On the other hand, you could save money through structural change — merging health agencies, putting the Corrections and Probation departments together — even if you didn’t give the governor control of the merged agencies. (Although, in fact, many of the agencies Mr. Sanford proposes to merge already are part of his Cabinet.) Turn two agencies into one, and you no longer need two agency directors, two legal offices, two finance offices, two public relations offices, and so on. In business, it’s called efficiencies of scale, and it’s one reason corporate mergers lower costs.
And that’s to say nothing of the duplication of actual service delivery. As Mr. Sanford explains in his budget proposal: “Our health care services are fractured into six different agencies. Agencies with jobs and economic development responsibilities are scattered among four different agencies. Natural resource and environmental programs are shared by five separate agencies.” Put those health agencies together, and you might be able to assign one case worker to a family that is now overseen by six. Clearly, that saves money, too.
In his budget, Mr. Sanford points to a U.S. Department of Energy study that found power company mergers reduced costs by an average of 11 percent to 13 percent. By contrast, his projection that consolidating some overlapping state agencies will reduce administrative costs by 18 percent means the Arts Commission would spend 5 percent less overall, the Forestry Commission 3 percent less, the health agencies 1.8 percent less. (The budget does not include any savings from letting the governor appoint constitutional officers, which isn’t actually part of the budget proposal, and couldn’t occur until at least 2007.)
Francis Marion President Fred Carter was instrumental in helping put together the restructuring proposals as Mr. Sanford’s chief of staff. Dr. Carter also was director of the state Budget and Control Board in the early 1990s, where he was assigned the task of making all the details of the first round of restructuring work.
He believes people who argue that the first round of restructuring didn’t save money miss the point, since that wasn’t the purpose of restructuring. He also believes that while there were some added costs, as when the state created a whole new police agency, there were also some immediate savings — for instance, when lawmakers pulled 40 formerly independent professional licensing boards under the umbrella of one agency.
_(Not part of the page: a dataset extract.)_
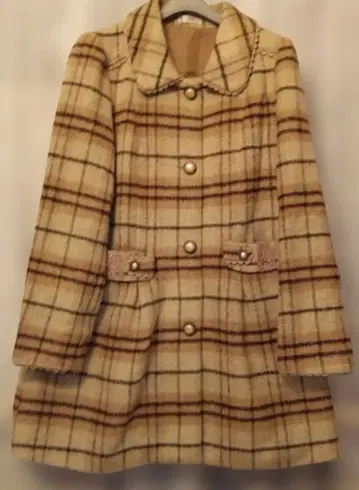 엑시즈팜 체크 무늬 체스터 코트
“Remember we cut out a lot of governing boards, and a lot of administrative processes associated with those lay boards,” he told me last week. “I don’t know that we truly achieved some of the cost efficiency standards that we would like to, but I think we achieved some of the cost effectiveness standards we wanted to.” In other words, agencies were able to serve additional people with the same amount of money.
Dr. Carter believes that will happen again, with both the structural changes the governor proposes in his budget and the political changes, most of which will have to be considered separately and approved by voters.
Moreover, he also believes that the proposals to consolidate agencies are the only responsible way of “dealing realistically with agencies that have been all but paralyzed by some of the budget cuts they have taken over the past three or four years.”
“Many of these agencies, without a restructured organization, really don’t have the capability to carry out their mission effectively,” he said. “He’s trying to continue restructuring, which I believe is vitally important. But the other thing he’s trying to do is to revitalize agencies whose core budgets have been cut appreciably, by bringing about more effective consolidation and coordination models.”
As Mr. Sanford explained, most agencies will receive less money next year than they did this year whether the Legislature adopts his entire budget or rejects the entire thing. With his restructuring proposals, it will be easier for many of them to absorb those cuts without reducing the services they provide to South Carolinians.
When you consider all the other advantages of restructuring, it’s hard to see why anyone whose goal is to serve the public would object to that.